Exercise requirements: Skip pictures in the listing below; copy exactly the lines from the one with "Historians And Nationalism: East-Central" through the one with "Keep going keep growing golf towel", inclusive.

Records to process:

= = = = =

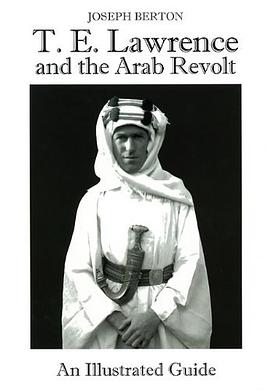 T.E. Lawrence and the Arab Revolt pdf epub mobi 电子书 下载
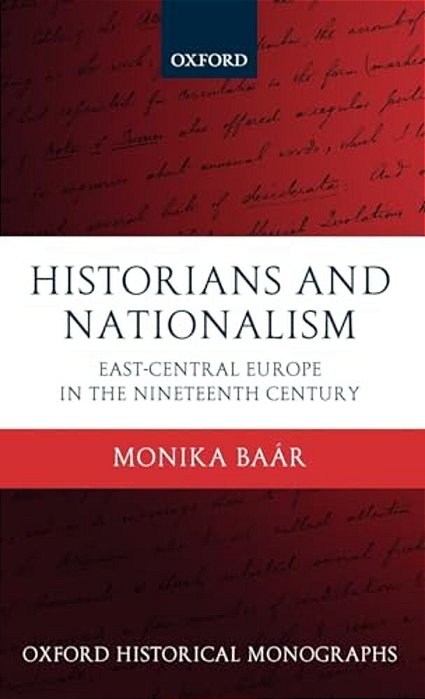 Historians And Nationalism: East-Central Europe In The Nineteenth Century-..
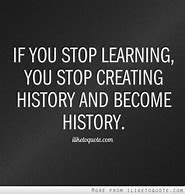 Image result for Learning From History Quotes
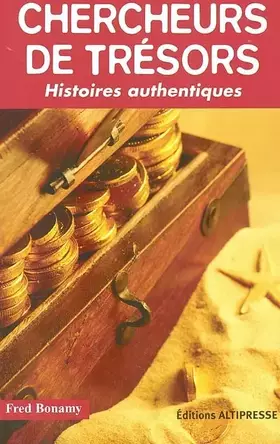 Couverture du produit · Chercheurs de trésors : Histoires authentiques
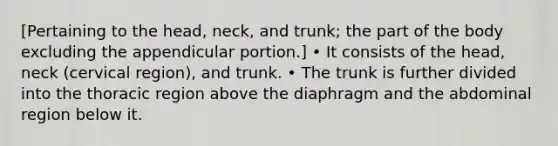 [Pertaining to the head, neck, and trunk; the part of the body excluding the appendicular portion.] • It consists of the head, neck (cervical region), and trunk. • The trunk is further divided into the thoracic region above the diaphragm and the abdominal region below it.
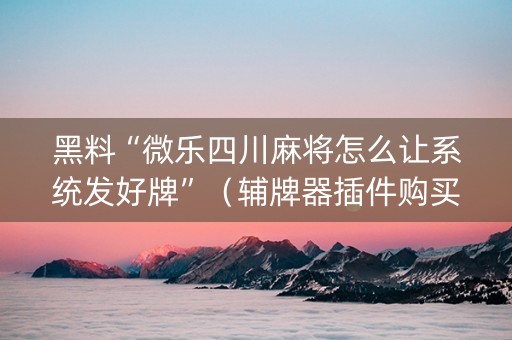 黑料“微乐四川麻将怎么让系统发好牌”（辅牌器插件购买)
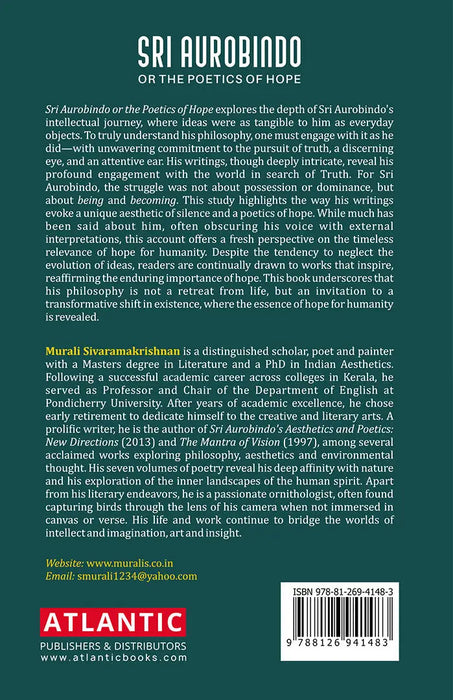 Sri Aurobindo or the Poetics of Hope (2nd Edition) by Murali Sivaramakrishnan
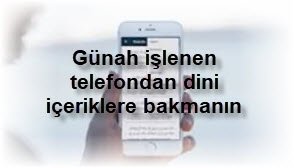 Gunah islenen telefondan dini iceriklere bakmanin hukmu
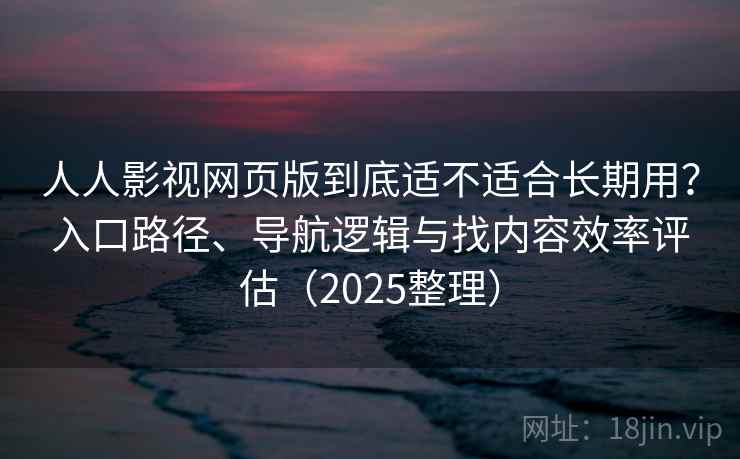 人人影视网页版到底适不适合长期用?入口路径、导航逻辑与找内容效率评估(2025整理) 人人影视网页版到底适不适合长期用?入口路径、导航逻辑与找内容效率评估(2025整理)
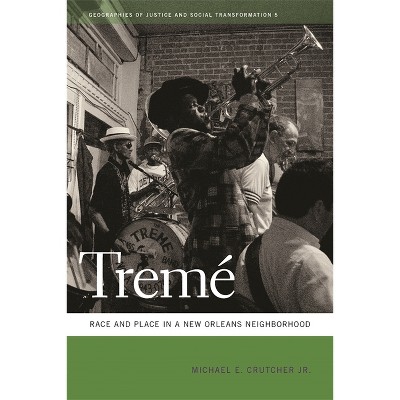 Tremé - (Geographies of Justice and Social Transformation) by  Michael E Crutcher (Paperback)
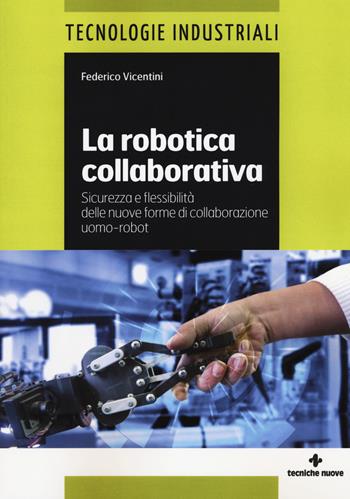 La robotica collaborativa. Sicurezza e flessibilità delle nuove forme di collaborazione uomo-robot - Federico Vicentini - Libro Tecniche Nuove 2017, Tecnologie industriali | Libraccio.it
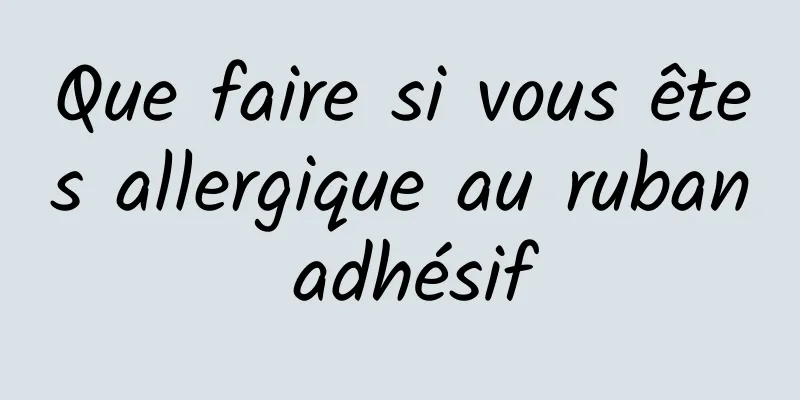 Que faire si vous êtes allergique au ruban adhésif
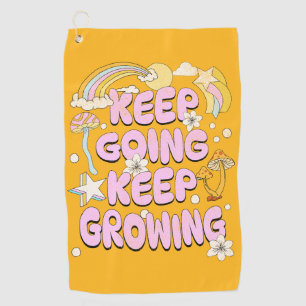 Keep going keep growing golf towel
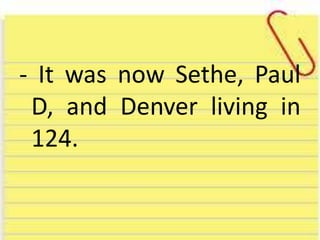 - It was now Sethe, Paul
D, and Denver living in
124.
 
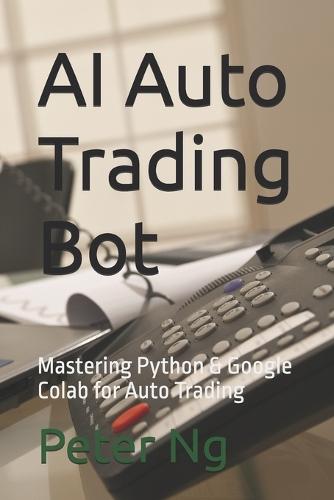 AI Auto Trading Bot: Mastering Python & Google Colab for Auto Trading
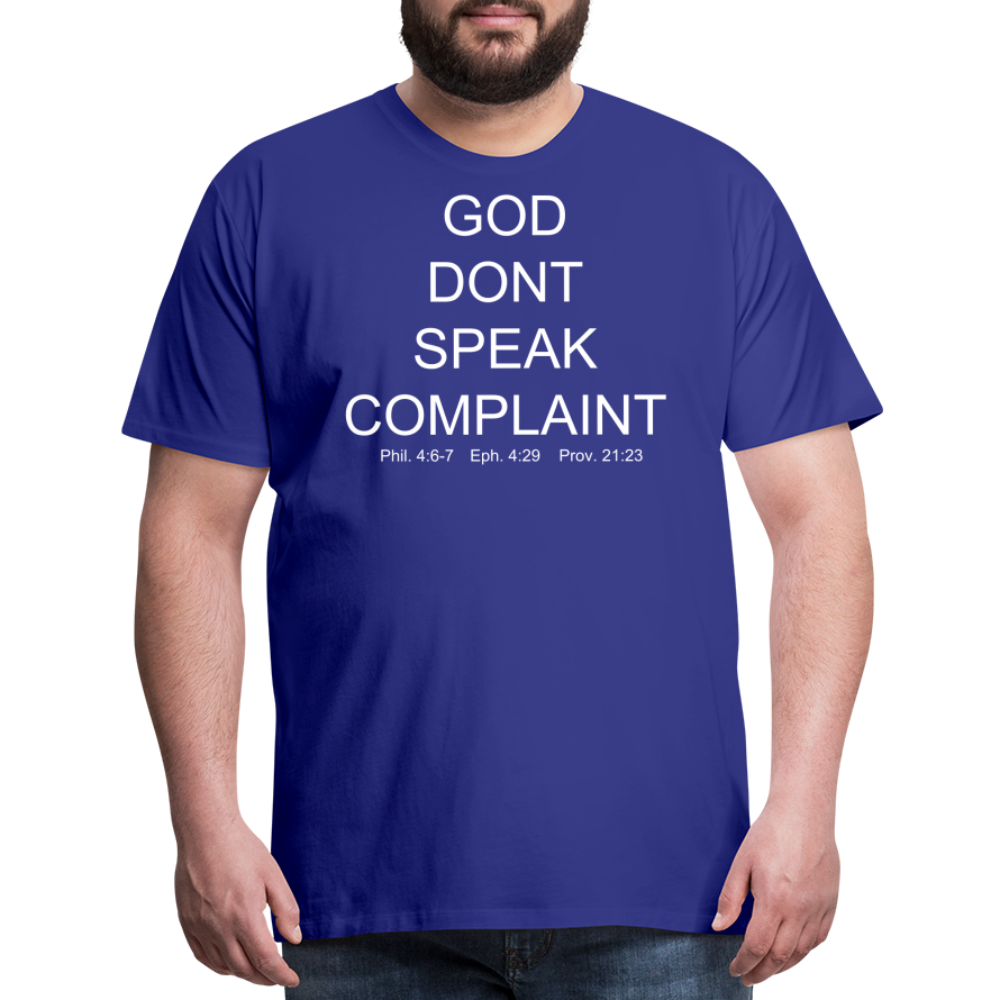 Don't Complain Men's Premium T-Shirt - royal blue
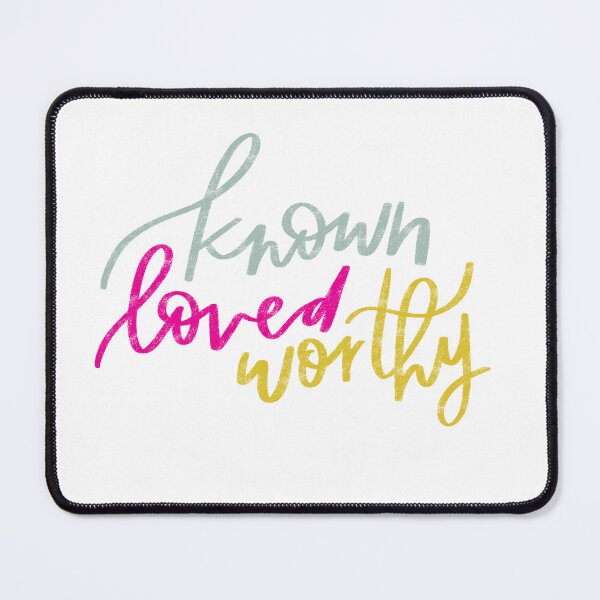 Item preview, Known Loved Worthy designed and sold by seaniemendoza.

= = = = =

Your solution:
 Historians And Nationalism: East-Central Europe In The Nineteenth Century-..
 Image result for Learning From History Quotes
 Couverture du produit · Chercheurs de trésors : Histoires authentiques
 [Pertaining to the head, neck, and trunk; the part of the body excluding the appendicular portion.] • It consists of the head, neck (cervical region), and trunk. • The trunk is further divided into the thoracic region above the diaphragm and the abdominal region below it.
 黑料“微乐四川麻将怎么让系统发好牌”（辅牌器插件购买)
 Sri Aurobindo or the Poetics of Hope (2nd Edition) by Murali Sivaramakrishnan
 Gunah islenen telefondan dini iceriklere bakmanin hukmu
 人人影视网页版到底适不适合长期用?入口路径、导航逻辑与找内容效率评估(2025整理) 人人影视网页版到底适不适合长期用?入口路径、导航逻辑与找内容效率评估(2025整理)
 Tremé - (Geographies of Justice and Social Transformation) by  Michael E Crutcher (Paperback)
 La robotica collaborativa. Sicurezza e flessibilità delle nuove forme di collaborazione uomo-robot - Federico Vicentini - Libro Tecniche Nuove 2017, Tecnologie industriali | Libraccio.it
 Que faire si vous êtes allergique au ruban adhésif
 Keep going keep growing golf towel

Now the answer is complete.